■ Exercise details ■
A faithful, picture-free copy of the listing below is required.

Input data Start Marker

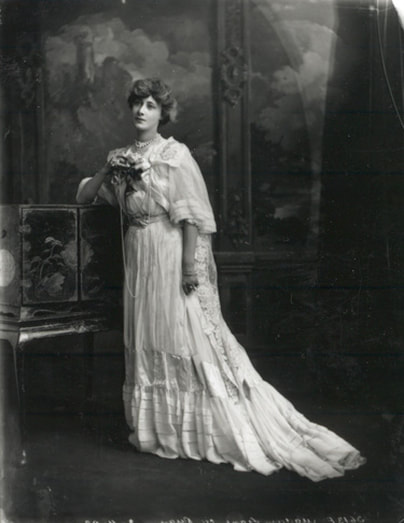 Liane de Pougy (1869-1950) by Lafayette Ltd, 3 Nov. 1902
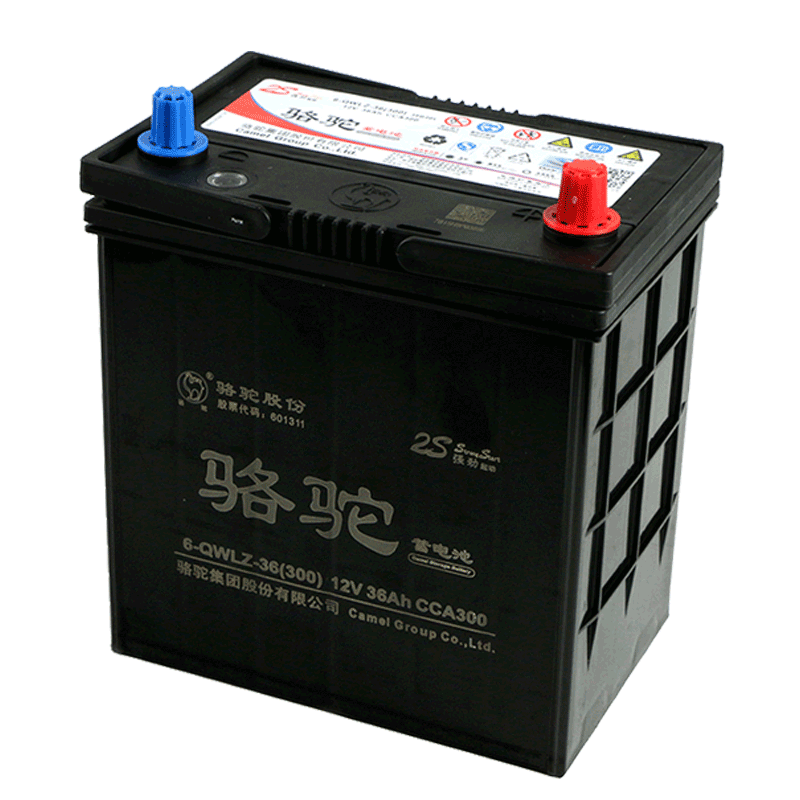 3M 骆驼蓄电池12V/660CCA 型号:6-QWLZ-85/95D31高清大图
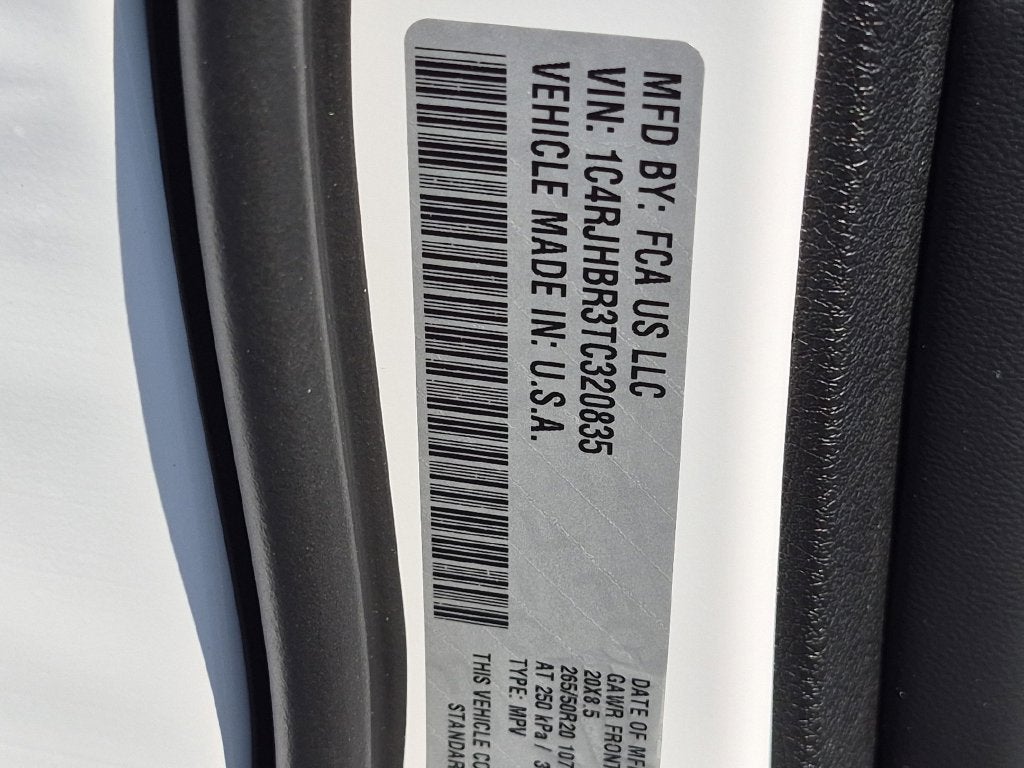 2026 Jeep Grand Cherokee Limited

Input data End Marker

■ Exercise response ■
 Liane de Pougy (1869-1950) by Lafayette Ltd, 3 Nov. 1902
 3M 骆驼蓄电池12V/660CCA 型号:6-QWLZ-85/95D31高清大图
 2026 Jeep Grand Cherokee Limited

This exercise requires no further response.